Cronaca

Nepal, Trump e migliaia di futuri incerti

Il presidente degli Stati Uniti d’America minaccia di espellere migliaia di rifugiati Nepalesi giunti negli Stati Uniti a seguito del terremoto.

Era il 25 aprile 2015, quando una serie di devastanti terremoti scosse tutto il Nepal, causando ingenti perdite ed enormi danni. La prima scossa, di magnitudo 7,8 e con epicentro poco ad ovest di Kathmandu, colse tutti quanti alla sprovvista. Le violente scosse e i conseguenti assestamenti si susseguirono fino ai primi giorni di maggio, quando la desolazione lasciata dal disastro apparve tristemente chiara. Il bilancio fu di 8.633 vittime e 755 quello delle persone disperse, con un numero stimato di oltre ventimila feriti. Furono 1.120.103 le famiglie colpite dai sismi, 494.717 le case crollate, 267.373 quelle danneggiate. Una tragedia di proporzioni bibliche per un paese pacifico come il Nepal.
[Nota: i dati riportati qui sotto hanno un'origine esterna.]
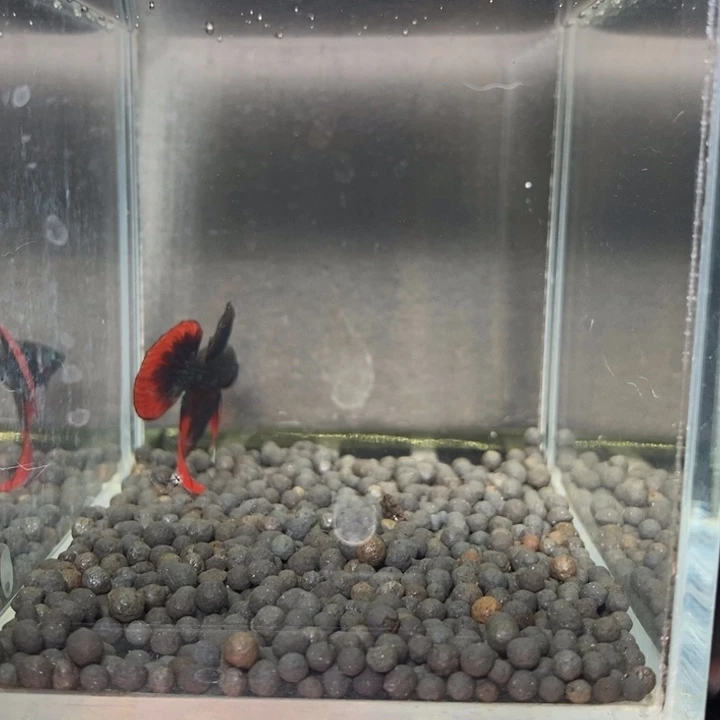 斗鱼泰国斗鱼505号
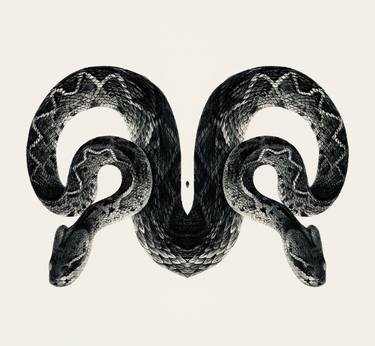 Snake 2 symmetry, collection, black and white, bw, set thumb
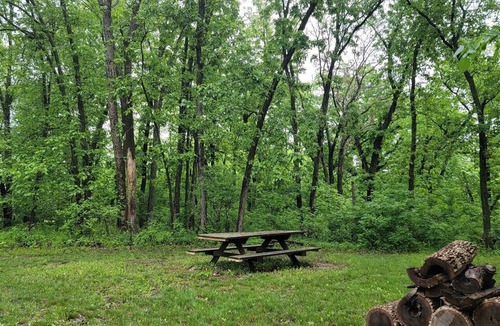 Columbia Apartment | God's Rest Wooded Retreat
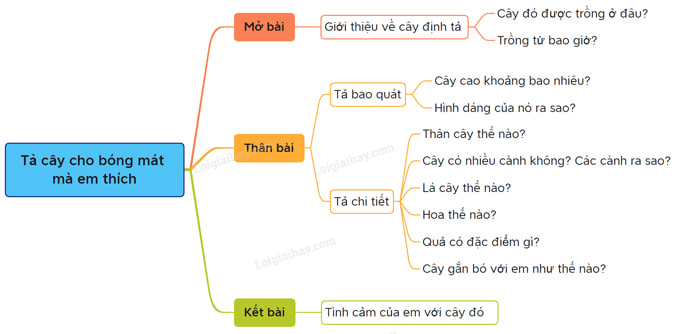 Dàn ý tả cây bóng mát lớp 4 Gallery 1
Le prime parole del Primo Ministro Nepalese andarono ovviamente al futuro, cercando di rassicurare la popolazione rimasta parlando subito dell’importanza di riabilitare e ricostruire. Chi aveva vissuto il dramma però, non riusciva più a figurarsi un futuro ambientato nel contesto Nepalese. A seguito di questi disastri naturali infatti, migliaia di persone tra quelle sopravvissute migrarono all’estero in cerca di una speranza. In quel periodo gli Stati Uniti adottavano una politica di apertura e accoglienza dei migranti, e la relativa prossimità spinse moltissimi Nepalesi a cercarvi rifugio.

Uno speciale permesso, concesso proprio a causa della situazione di necessità, venne assegnato agli immigrati Nepalesi, che trovano nel Nuovo Continente una patria accogliente dove cercare di dimenticare gli orrori del passato e ricominciare una nuova vita. Il TPS, temporary protected status, è stato ideato dal Congresso nel 1990, proprio per far fronte a situazioni del genere, e permetteva loro un soggiorno in regola, a tutti gli effetti legale.

Nepal, terremoto, Trump, deportazione
Il presidente Trump e il segretario alla sicurezza nazionale Kirstjen Nielsen visitano un centro anti-contrabbando a Key West, in Florida, © Pablo Martinez Monsivais

Oggi, dietro ordine dell’amministrazione Trump, che secondo la critica punterebbe semplicemente a mettere in mostra con gli elettori il rispetto delle promesse (al limite della xenofobia) fatte in campagna elettorale, il Dipartimento della Sicurezza Interna sta preparando la cancellazione dei permessi di residenza speciale agli immigrati Nepalesi. Il numero dei cittadini a rischio deportazione supera i 9.000. Agli interessati, verrà concesso un periodo “di grazia” di un anno, scaduto il quale si procederà ad una vera e propria deportazione forzata, con termine ultimo il 24 giugno 2019. 

Non è la prima volta che il presidente Trump agisce contro minoranze etniche entrate nel paese grazie al TPS, negli ultimi anni infatti avrebbe allontanato anche 50.000 Haitiani e addirittura 200.000 Salvadoregni, con diversi altri casi come quello Nepalese ancora in bilico. I funzionari di Trump dicono che la designazione del TPS non è mai stata pensata per permettere una residenza a lungo termine agli stranieri, ritenendone quindi la revoca sensata.

A distanza di tre anni, le zone più povere del Nepal rimangono ovviamente ancora in condizioni difficili, e la situazione non cambierà certamente entro il 2019. Tutta quella fetta di popolazione che ha subito le conseguenze devastanti dei terremoti, che probabilmente ha perso così tanto da vedersi costretta a fuggire dalla propria patria e che ha dovuto ricominciare una nuova vita in un paese diverso, potrebbe vedersi costretta nel giro di un anno a lasciare nuovamente casa per tornare ad un territorio ormai martoriato dalla natura, inospitale e in rovina.